That leaves a more uncomfortable question for the competition. Is the JM21 simply good for the money, or did FiiO overdeliver just enough to make nearby alternatives feel needlessly compromised?

Specifications & Technology
At the heart of the JM21 is a dual DAC configuration built around Cirrus Logic CS43198 chips, paired with SGM8262 op amps handling the output stage. That is serious silicon for a budget friendly DAP, and the supporting numbers back it up. FiiO claims a signal to noise ratio of roughly 130dB, total harmonic distortion plus noise below 0.0006%, and support for sampling rates up to 768 kHz at 32-bit, along with DSD512 over USB.
Those figures are not just the result of good parts selection. Internally, the JM21 is laid out with the control section, DAC stage, and amplifier stage physically separated into distinct zones. Each section is further isolated with shielding, a design choice intended to reduce crosstalk and keep noise from creeping into the signal path.
Power delivery is treated with similar care. The JM21 uses a three section power supply, with dedicated regulation for the digital control circuitry, the DAC stage, and the current and voltage amplification stages. The goal is straightforward. Provide stable, uninterrupted power where it matters most, rather than letting everything fight over a single rail. In a player at this price, that level of internal discipline is notable and not something competitors can all claim with a straight face.
Add in extremely low jitter femtosecond crystal oscillators, SRC bypassing, and FiiO’s proprietary DAPS Digital Audio Purification System, and the JM21 starts to look like a player that has been engineered with real intent rather than assembled from leftovers. On paper, the focus is clearly on preserving signal integrity and extracting as much performance as possible from the hardware.
The obvious concern is whether all of this comes at the expense of usability. It does not appear to. The JM21 is powered by a Qualcomm Snapdragon 680 processor, backed by 4 GB of RAM and a customized Android 13 operating system. Performance is responsive, app support is broad, and the interface avoids the lag and stutter that still plague some entry level players.
Internal storage sits at 64 GB, with expansion supported up to 2 TB via a microSD card slot. Battery life is another quiet strength. Thanks to the JM21’s relatively low power consumption, FiiO rates it at up to 12.5 hours of playback, a figure that held up in real world use rather than collapsing the moment Wi-Fi and streaming entered the picture.

Design & Build Quality
Included with the JM21 is everything you need and nothing you do not. In the box you get a transparent plastic case, a basic black USB Type-C to A cable for charging and data transfer, and the usual documentation. No extras, no padding, no pretending this is a luxury experience.
The first thing that stands out when you pick up the JM21 is just how thin and light it is. At 13 mm thick, roughly 0.5 inches, and weighing 156g, about 5.5 ounces, it feels closer to a compact smartphone than a traditional DAP. Its overall dimensions are equally manageable at 120 mm tall and 68 mm wide, or approximately 4.7 by 2.7 inches, making it easy to operate comfortably with one hand.
The chassis is a mix of aluminium alloy and plastic. It does not scream premium, but it feels solid enough to handle everyday use without complaint. The textured underside is a nice touch, adding grip where it actually matters. My review unit was finished in black, though a more eye catching sky blue option is also available. No one is going to confuse this with a flagship build, but at this price point it is sturdy, practical, and frankly hard to fault.
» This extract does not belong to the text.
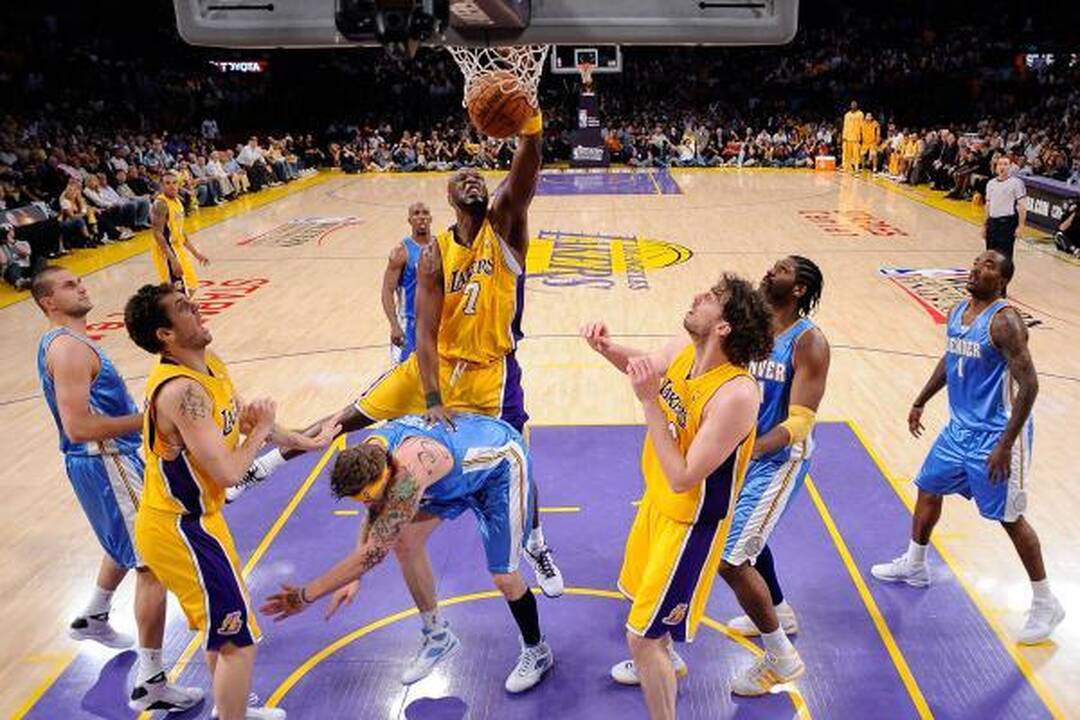 „Lakers“ – per žingsnį nuo finalo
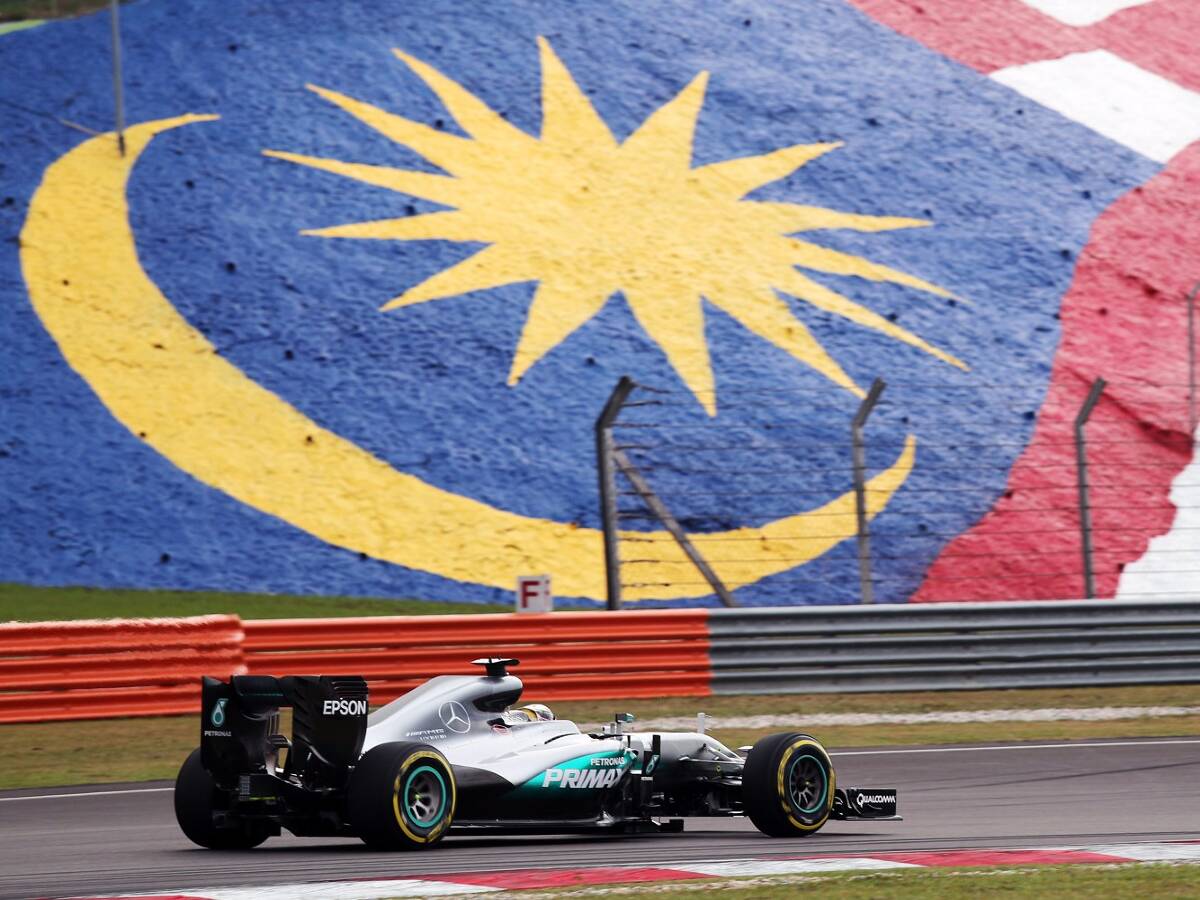 Foto zur News: Hamilton bereut Malaysia-Verlust: "Härtestes Rennen" weg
The control layout is straightforward and sensibly arranged. On the left side you will find the power button, which incorporates a small indicator light, along with a volume up and down rocker. Everything falls easily under your thumb, even when using the player one handed.
The right side houses the physical media controls, including play and pause, track forward, and track back buttons. The microSD card slot is also located here, keeping all removable and frequently used controls in one place.
Along the bottom edge are the audio and data connections. The JM21 offers both 4.4mm balanced and 3.5mm unbalanced headphone outputs. The 4.4mm jack can also function as a line out, while the 3.5mm output supports both line out and coaxial digital out. A USB Type-C port rounds things out, handling charging and data transfer duties.

User Experience
Power up the JM21 and you are greeted by a bright, vibrant 4.7-inch TFT touchscreen. While the resolution is a modest 1334×750, it is well matched to the screen size. In practice, text and artwork look clean, and I never found myself distracted by visible pixels.
Beyond its wired outputs, the JM21 also supports wireless listening via Bluetooth 5.0. It can both transmit to and receive from compatible devices, with LDAC support enabling high quality wireless playback at up to 96 kHz. Pairing was quick and stable, and performance was consistent during testing.
Versatility is clearly a priority here. The JM21 can operate in line out mode for use with active speakers or external power amplifiers, and it can also function as a USB DAC. In that configuration, connecting it to a laptop, desktop PC, or even a mobile device is straightforward, allowing the JM21 to bypass inferior onboard audio and handle digital conversion duties itself.
Most of my listening was done in standard Android mode, though FiiO also offers a Pure Music mode for those who want a more focused experience. This mode strips the interface back to the essentials, minimizing background processes and visual clutter so the player behaves more like a traditional, music only DAP. If you prefer fewer distractions and quicker access to your library, it is a sensible option.
Overall performance was stable, but not entirely flawless. I experienced occasional Spotify app crashes, particularly during the first few hours of use. The cause was not immediately clear, though the issue appeared to resolve itself over time and did not persist as testing continued. Outside of that early hiccup, day to day operation was smooth and predictable.
The Android 13 implementation feels familiar and largely hassle free, with no noticeable stuttering or performance limitations during typical day to day use. Navigation is smooth, app switching is responsive, and the overall experience feels appropriately tuned for a dedicated audio device.
I did spend some time with the Pure Music mode, which limits operation to the FiiO Music app. In this configuration, the JM21 behaves like a more traditional DAP, prioritizing local playback and simplicity. The app itself is well executed, offering straightforward access to local files, wireless file transfer to and from a connected phone or computer, and built-in EQ adjustment.
If you maintain a large locally stored music library, Pure Music mode makes a lot of sense. It is faster, cleaner, and avoids the overhead of Android apps you are not using, allowing the JM21 to focus on what it does best.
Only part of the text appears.